Low-key and physically imposing at 6-10, Manning has recruited fairly well and demonstrated an especial ability to develop big men such as John Collins and Doral Moore. He also continues to endure an abnormal amount of roster turnover, with eight players transferring or going pro during the 2018 calendar year. That unpredictability caused Wake to dip into the graduate-student free-agent pool for four players over the past three years, a difficult way to build a program.
Jeff Bzdelik, now a coveted defensive assistant coach in the NBA, won only in his fourth and final year at Winston-Salem and was fired. Manning, his comparably subdued successor, won in his third year, making the NCAA’s First Four, and got his contract extended and reportedly guaranteed through the 2025 season.
Therein lies the double-edged nature of contemporary coaching contracts. Long-term deals enforce mutually-assured fealty at a stiff price.

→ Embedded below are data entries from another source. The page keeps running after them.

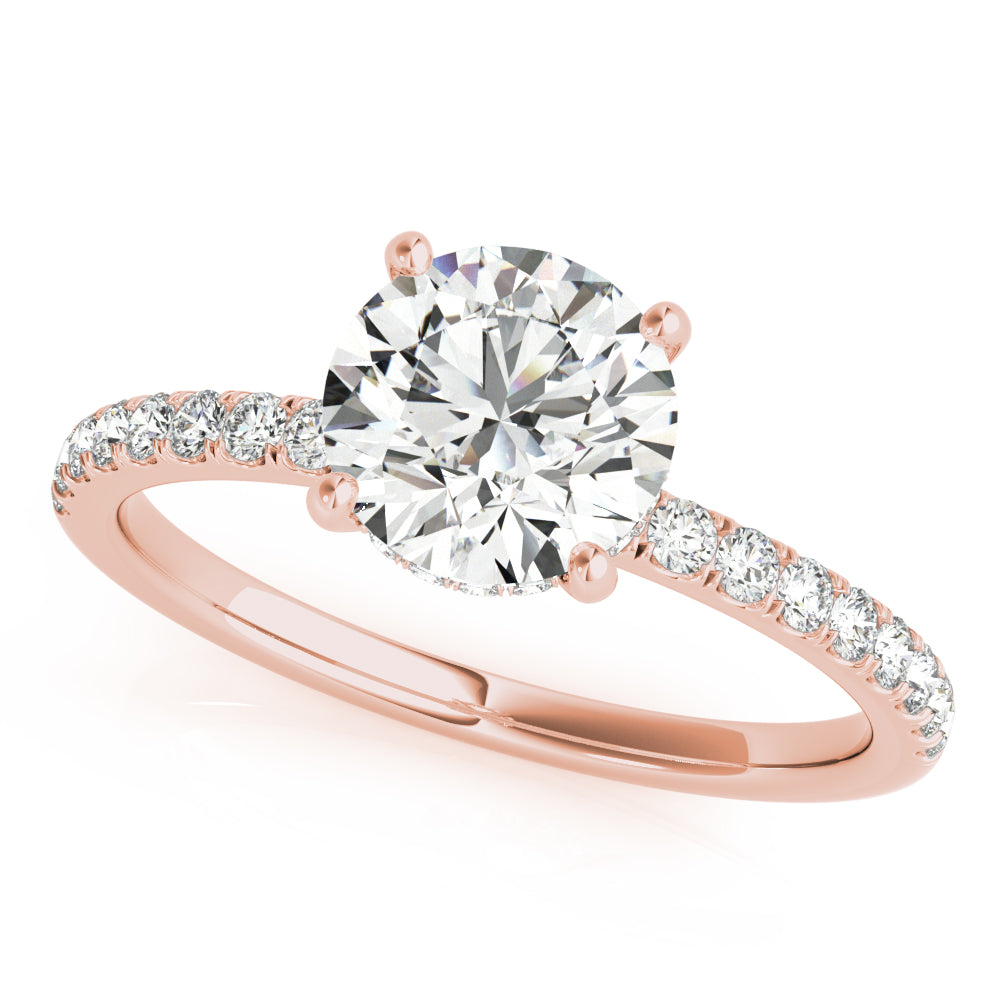 1ct Round Brilliant Diamond Engagement Ring with Hidden Halo & Cut Claw Set Shoulders – 18ct Rose Gold Romantic Elegance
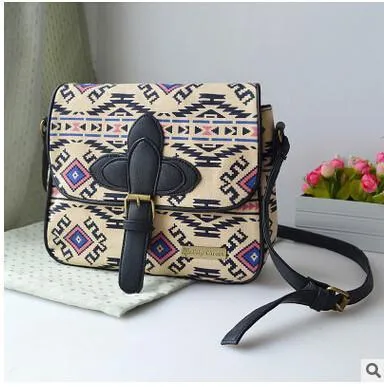 Patterned Canvas Shoulder Bag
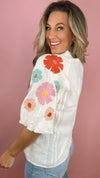 THML Cream Embroidered Floral Puff Sleeve Top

Whether Manning had sufficiently proved himself at the ACC level to command such assurance is debatable – Wake fell to 11-20 in 2018 after his employment was secured.
“We evaluate every program at the end of the year,” says athletic director Ron Wellman, who hired Manning and negotiated his contract extension. “We evaluate everybody, every person in our department.” Wellman would not discuss the reported length of the agreement or other specifics.
This year’s squad started 7-5, paced by slender, fluid forward Jaylen Hoard, among the league’s highest-rated freshmen, and point guard Brandon Childress. “I guess you could say Coach Manning gave me the keys to the Porsche,” Childress, previously a reserve, says optimistically.
Should the vehicle break down in 2019, historical precedent indicates Manning’s job would be in considerable jeopardy.
Since the early 1960s the ACC had a single coach who endured four losing seasons in his first five and held on to his job. That was N.C. State’s gregarious Les Robinson, fired after a fifth straight losing effort in 1996.
Robinson had the advantage of being an alumnus, earning special consideration for taking over amidst a scandal-induced tightening of academic standards. Another Robinson, Steve, was jettisoned after winning in his first season at Florida State, then losing four times in four years from 1999-2002.
Boston College coach Jim Christian is in a fix similar to Manning’s. Last season Christian’s Eagles posted the only winning record (19-16) in his first four years. His overall ACC mark entering this season is substantially worse than Manning’s, his teams never finished higher than 13th, his 2016 squad went winless in conference play, his league road record is execrable, and he hasn’t taken a squad to postseason. Christian’s program is so low-profile his job status draws scant comment nationally, unlike Manning.
Both schools have similar recent traditions, although the Demon Deacons earned more NCAA trips and AP top-25 spots than did BC in the roughly two decades following the 1989-90 opening of Joel Coliseum. During those years Wake’s fans grew accustomed to prominence and success. What’s yet to be demonstrated is whether Manning can restore that prosperity.